От осознания этого у нее по спине пробежали мурашки. Катя почувствовала себя неуютно, словно дом из красного кирпича вдруг вырос у нее за спиной.

– Что было с домом потом?

– Здание так и оставалось заброшенным, и там поселился Николай Клементьев – сбежавший из психушки шизофреник. Думаю, под влиянием дома он начал заманивать и убивать людей. В подвале устроил что-то вроде братской могилы. Когда полиция вышла на него, там было, кажется, семнадцать тел.

– Ого! А почему ты уверен, что в этом виноват дом? Шизофрения-то у Клементьева началась до того, как он там оказался.

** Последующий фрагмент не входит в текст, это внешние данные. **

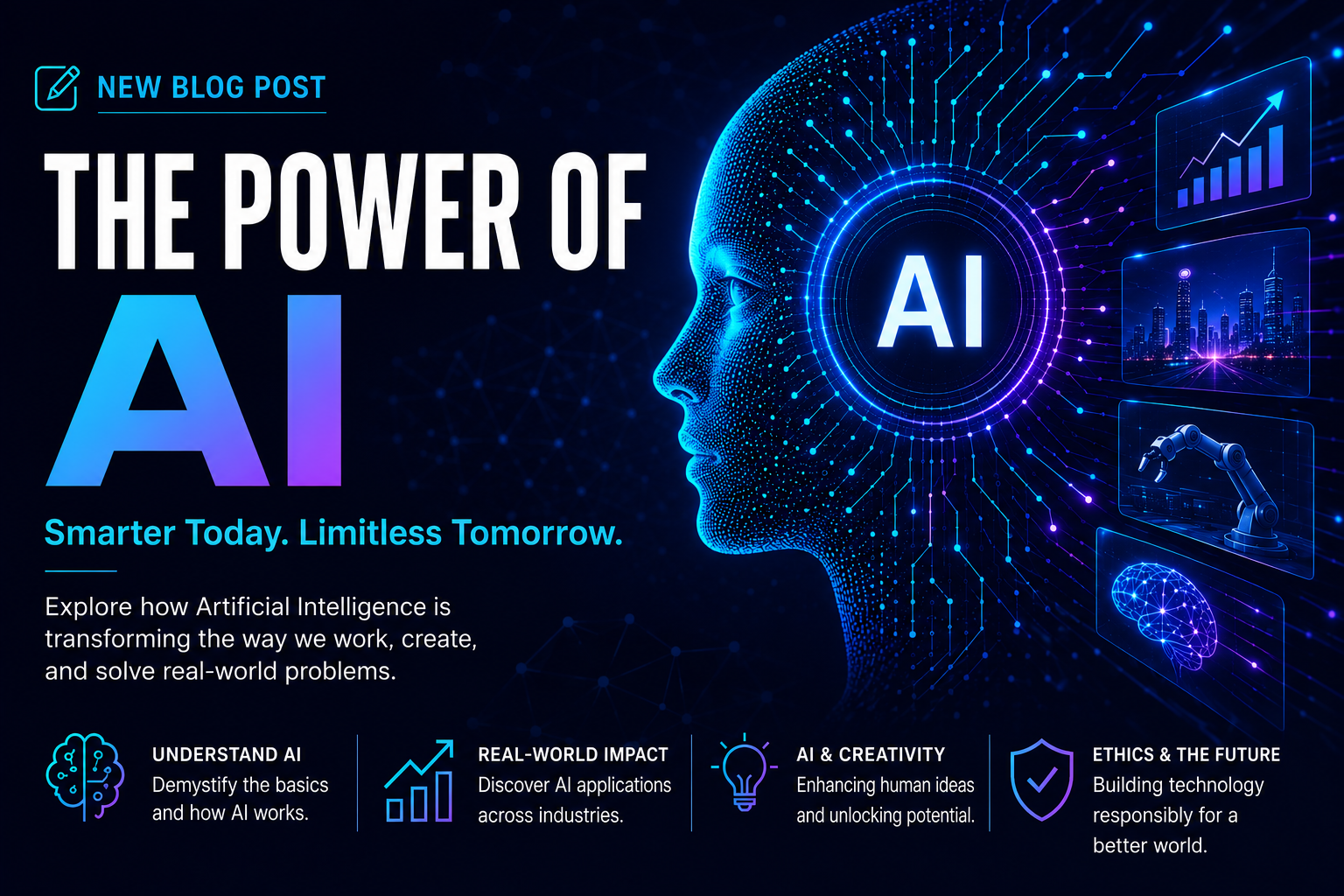 Artificial Intelligence (AI) concept showing a humanoid robot with digital brain, machine learning algorithms, neural networks, data analytics, automation, and futuristic technology interface.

– Это да. Но я разговаривал с врачом из его больницы. Он сказал, что, несмотря на болезнь, Николай никогда не тяготел к насилию. Более того, вид крови вызывал у него панический страх.

– А что стало с домом после того, как Клементьева поймали?

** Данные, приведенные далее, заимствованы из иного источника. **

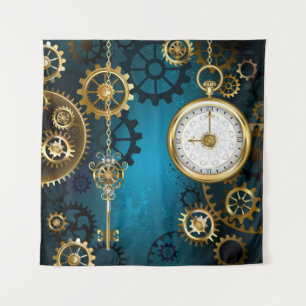 Tenture Steampunk Arrière - plan turquoise avec Gears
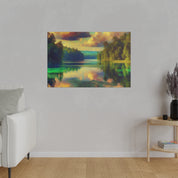 Serene Lakeside Reverie Lake Painting Canvas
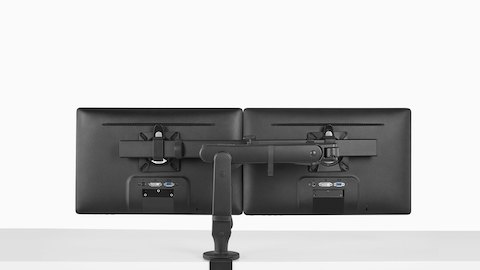 Profile view of a monitor attached to a black Ollin Monitor Arm.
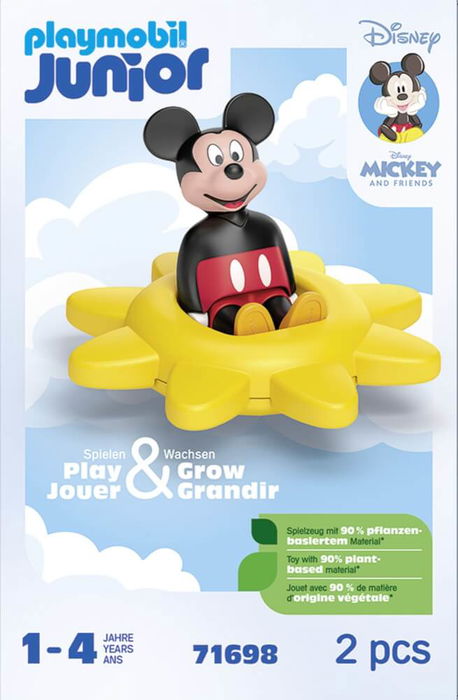 Playmobil Playmobil Junior Disney: Mickey Sol Giratorio - Juguete de Motricidad Fina con Sonido para Bebés +12 Meses - Material Vegetal
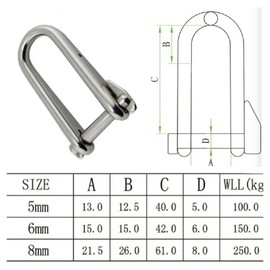 JT-HLM 2PCS Stainless steel M5/M6 D Ring Screw Shackles with Pins Heavy Duty Shackles Key Pin Shackle Wide D-Shackle For Marine Mounting, Camping, Sports Accessories ﻿ (6mm)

– А его не поймали. Он тоже совершил самоубийство – прыгнул с пятого этажа головой вниз. Потом дом выкупил владелец архитектурного бюро, в котором ты работала. Его отремонтировали внутри и сделали офис.

– Хм… Неужели никого не смутила мрачная история этого места?

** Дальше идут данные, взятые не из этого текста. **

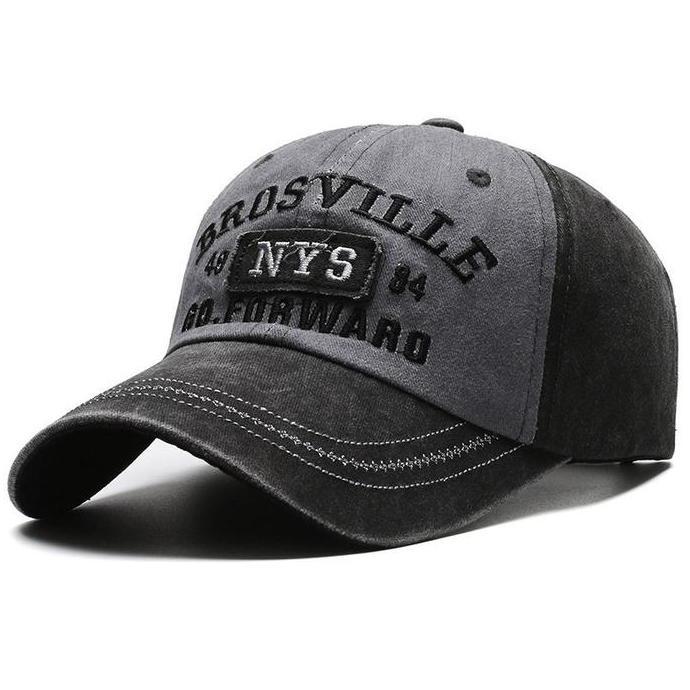 Yarra Topi Baseball Pria Distro NYS Bordir Brosville Hitam Merah Polos Fashion Style Outfit Casual J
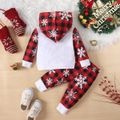 Christmas 2pcs Baby Boy/Girl 95% Cotton Letter Print Spliced Snowflake Graphic Red Plaid Long-sleeve Hoodie and Sweatpants Set Red image 2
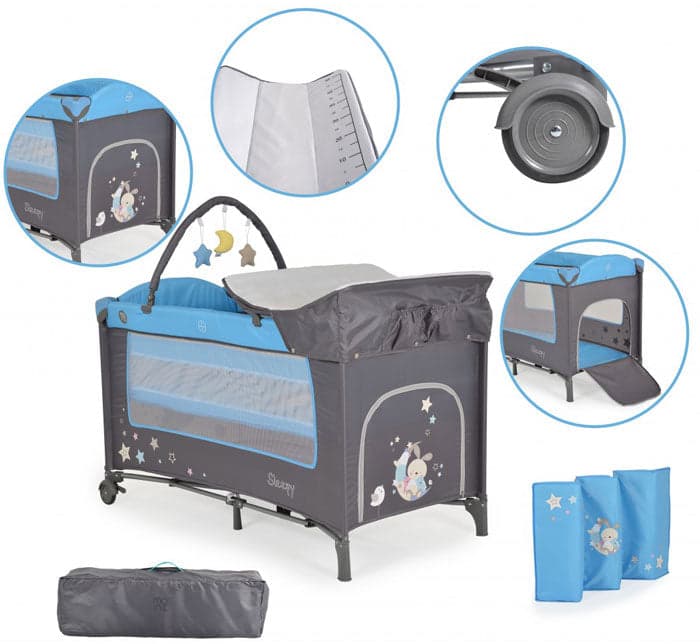 Cama de viagem Moni Sleepy Blue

– Это очень странно, но на протяжении последних лет пятидесяти все как будто игнорируют факты о трагедиях, которые здесь случались.

– Ну допустим. А в чем твой интерес? Почему ты прицепился к дому?

– Надеюсь, ты поймешь меня правильно. Я не сумасшедший. Я живу довольно далеко отсюда. Но уже несколько лет меня преследуют видения, связанные с домом. В них я как будто становлюсь его очередной жертвой и вижу все глазами этой жертвы. Понимаешь? Я умирал в доме на Каштановой уже много раз. Это очень страшно. И я должен узнать, как дом остановить.

Роберт сидел на втором этаже дома из красного кирпича. Разумом он уже потерялся где-то между мирами, и потому не чувствовал боли. В одной руке он держал собственный глаз.

Час назад Роберт хотел вырвать и второй – чтобы не видеть красоты собственной дочери, которую он возжелал. Но пока справился с первым, немного успокоился.

Гала, все такая же обнаженная и прекрасная, села напротив него на грязный пол заброшенного здания и раздвинула ноги.

– Хорошо, что ты отказался от меня, папочка. Вряд ли из тебя получился бы хороший отец.

Роберт взглянул на нее и застонал.

Его страдания заставляли ее улыбаться.

– Я так рада, что во мне нет ничего от тебя! Вся моя красота – от мамы. Посмотри!

Она провела руками по груди, коснулась пальцами лица и губ.

Роберт силой заставил себя отвернуться.

– Ах, нет! Кое-что мне от тебя все-таки передалось. Это жестокость. Точно! Жестокость! – Гала рассмеялась звонким девичьим смехом. – Знаешь, мама была очень скромной и мягкой женщиной. Она уехала в деревню, когда ты отказался от нее, и там, в глуши, появилась на свет я. Мы жили очень скромно, мама часто не ужинала, чтобы я могла поесть. Ведь у нее не было никого, кто мог бы помогать ей финансово. Ты знал об этом? Нет… Ну конечно! Ты же вообще о ней ничего не знал. Тебя интересовало только ее тело. И то недолго.

Гала поднялась с пола и завертелась перед Робертом в соблазнительных позах.

– Слушай! А у тебя есть еще дети? Мама же была у тебя не единственной. Больше никто не залетел? А? Не знаешь? Я была бы рада брату или сестре. После смерти мамы я осталась совсем одна. Угу. А скоро вообще стану сиротой. Когда и тебя не станет.

Роберт не отвечал. Он заставлял себя отворачиваться от Галы, но его голова будто принадлежала не ему – она упорно пыталась повернуться за девушкой. Художник боролся с непослушной башкой, пытаясь руками повернуть ее туда, куда хотел.

– Наверное, мне надо рассказать о себе, папочка. Мы же совсем друг друга не знаем, а скоро снова расстанемся навсегда. Хочешь узнать меня получше?